Cette prévision représente une baisse significative par rapport aux taux actuels. En effet, après avoir atteint 5,5 % en 2022 et 5,6 % en 2023, l’inflation est projetée à 4,2 % pour la fin de l’année 2024. Cette tendance baissière s’explique par des politiques monétaires rigoureuses mises en place par la Beac dans le but de freiner l’inflation, tout en maintenant un équilibre délicat avec les besoins de liquidités dans la sous-région.
Maintien des taux directeurs
L’une des principales mesures de la Beac pour ramener l’inflation à la norme de 3 % consiste à maintenir inchangés ses taux directeurs, une décision prise pour la sixième fois consécutive. Le taux des appels d’offres reste fixé à 5 %, tandis que le taux de prêt marginal est maintenu à 6,75 %. Cette décision s’explique par deux facteurs principaux.

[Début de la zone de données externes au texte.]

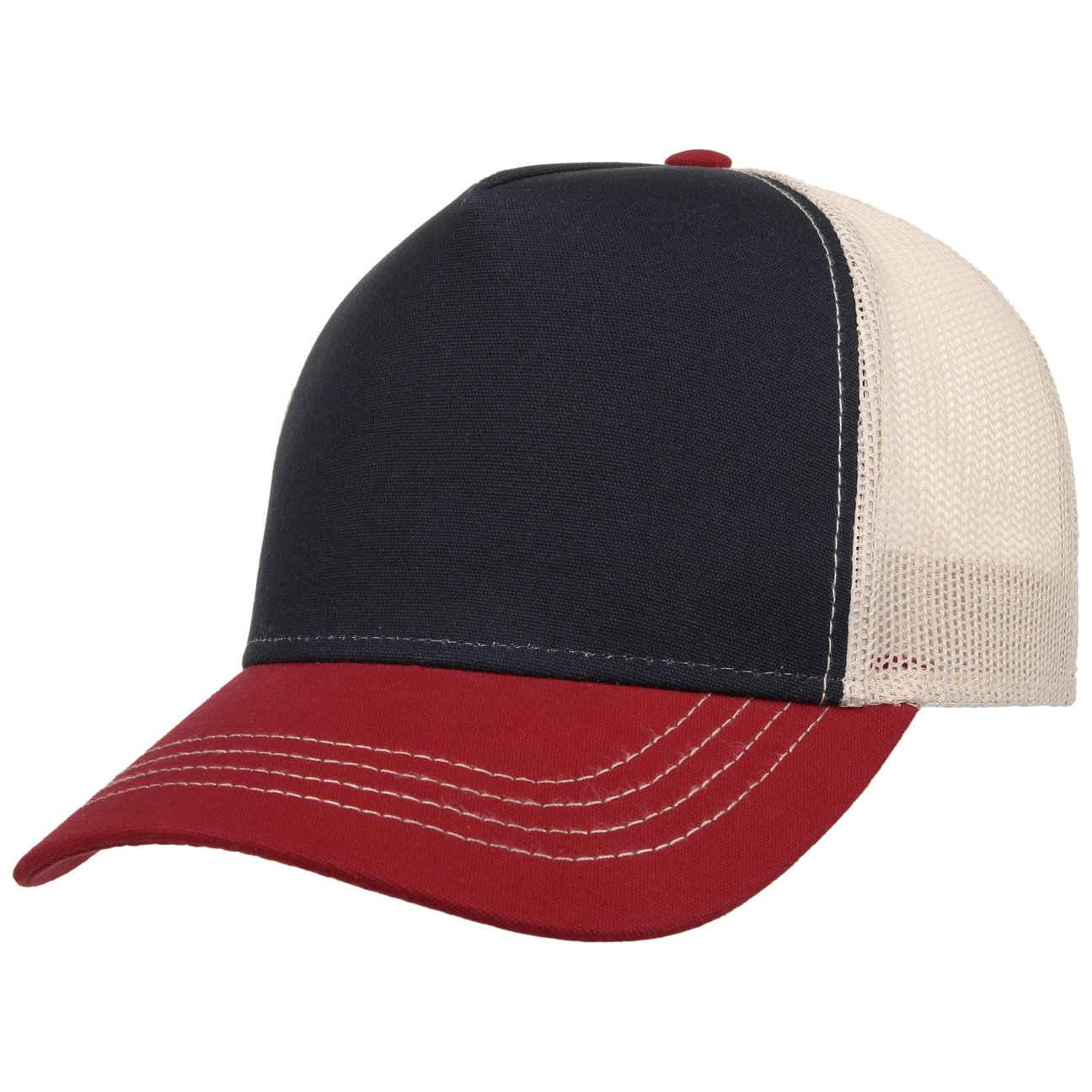Atlantis Headwear, Unisex, Cap, Rapper Canvas Cap, Mehrfarbig, Blau, (One Size) - Bild 4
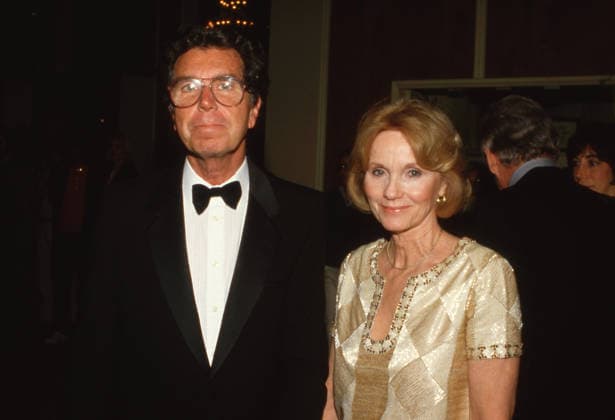 Jeffrey Hayden and Eva Saint Marie at the Princess Grace Foundation Gala Tribute to Cary Grant at Beverly Hilton Hotel in Beverly Hills, California, October 19, 1988 Copyright: xRalphxDominguez MediaPunchx
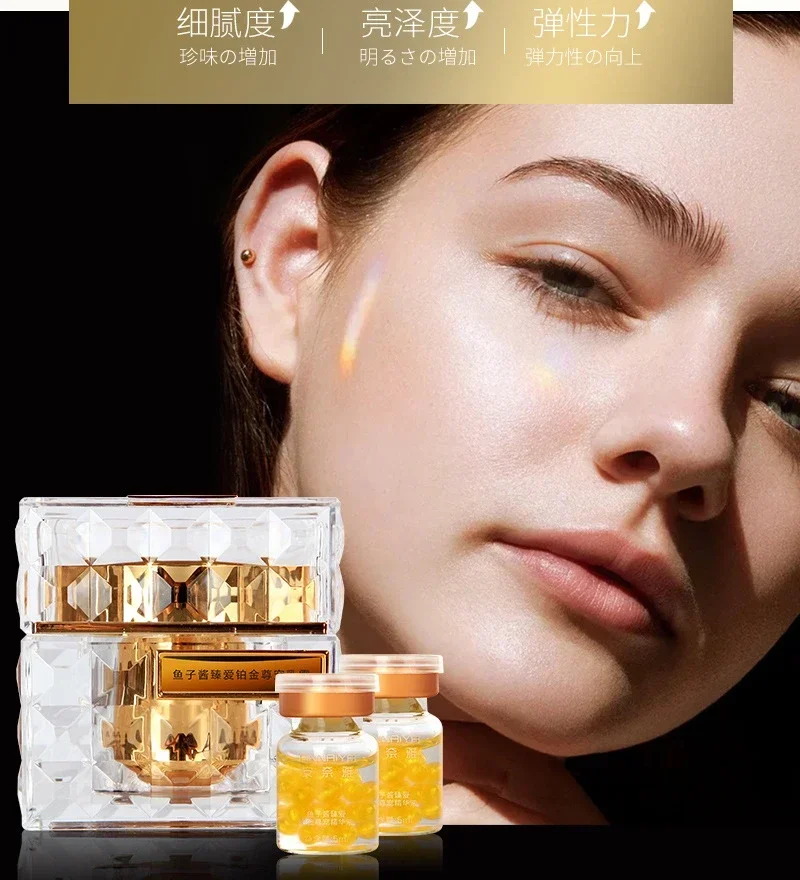 Luxury Skincare Whitening Cream - Platino Raro Lusso Caviale Set Cura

D’une part, l’inflation, bien qu’en baisse, reste encore supérieure à la norme communautaire. D’autre part, les indicateurs de stabilité de la monnaie, actuellement à 69,2 %, doivent être protégés.
Cette approche de stabilité des taux tranche avec les ajustements opérés par les grandes banques centrales internationales, telles que la Réserve fédérale américaine et la Banque centrale européenne, qui ont récemment abaissé leurs taux pour soutenir la reprise économique mondiale. Cependant, dans un contexte d’inflation encore élevée dans la zone Cemac, la Beac opte pour une politique plus restrictive, visant à freiner l’accès des établissements de crédit à ses guichets de refinancement.
Politique d’austérité monétaire
Depuis trois ans, la Beac applique une politique monétaire restrictive. Le taux des appels d’offres, par exemple, a été relevé progressivement de 3,5 % en 2021 à 5 % en mars 2023, avec pour objectif de rendre le coût du crédit plus élevé, limitant ainsi la circulation de la monnaie et réduisant la pression inflationniste.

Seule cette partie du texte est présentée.